Hand Quiz # 48 (page 194 of Tounrament Poker for Advance Players)

Quote:

"It is the last table of a no-limit hold'em tournament. There are five players left. The three players behind you have about $20,000 each. The player on your right has $70,000. You have $60,000. The blinds are $1,000 and $2,000. The chip leader makes it $12,000 to go under the gun. You have JJ, what should you do?"

Sklansky says throw the jacks away.

I'm sure he's right, and I'd probably do that, but I might hesitate if the chip stack was raising every hand or if he was typically raising 3 times the big blind and now raised 6 times and I had some reason to belive the larger raise meant a weaker hand he didnt want called based on my observation of him or her up to that point.
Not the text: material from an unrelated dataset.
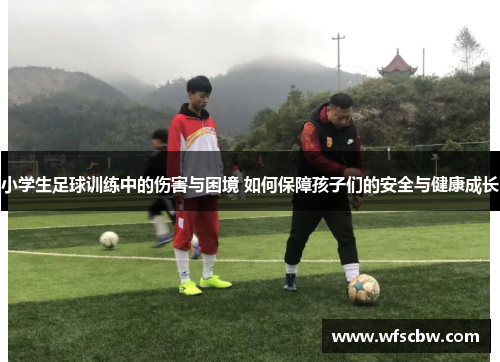 小学生足球训练中的伤害与困境 如何保障孩子们的安全与健康成长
Am I wrong to think there might be a case for calling (or raising) and seeing what the flop comes?

Why or why not?

The short stacks really arent that short IMHO and based on my experience can be back in it by mearly winning one hand.
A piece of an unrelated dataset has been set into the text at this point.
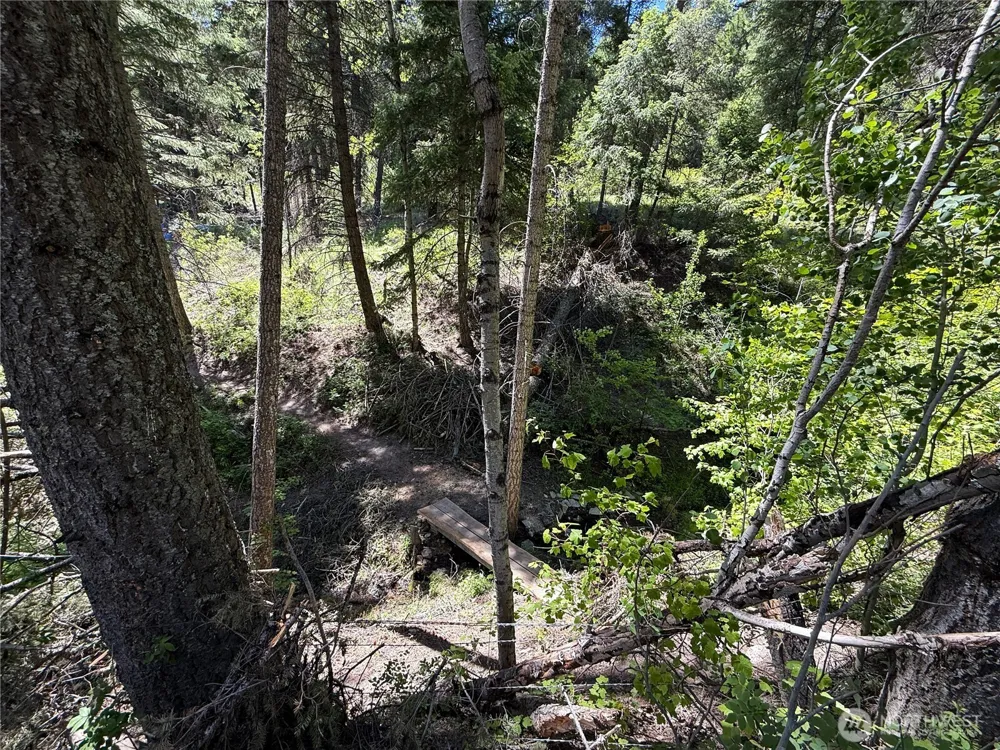 0 TBD Toroda Creek Road Wauconda, WA 98859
My guess as to the reasons for a fold are as follows:

1. wait for a better spot and try to get the short stacks out first
2. The larger preflop bet means a stronger hand than normal based on my observation.
3. There are three players behind that could raise representing a stronger hand that may force me to fold or call when well behind or face a reraise by the original raiser.
4. I wont be able to act first if I just call and the raiser could make a large continuation bet giving me a tough decision on a flop that appears to help me.
5. The raiser could have AA, KK or QQ leaving me in really bad shape.

What if the short stacks were playing extremely tight and were giving off a highly reliable tell that they and the blinds were all prepared to fold leaving me heads up with the chip leader, would this make any difference?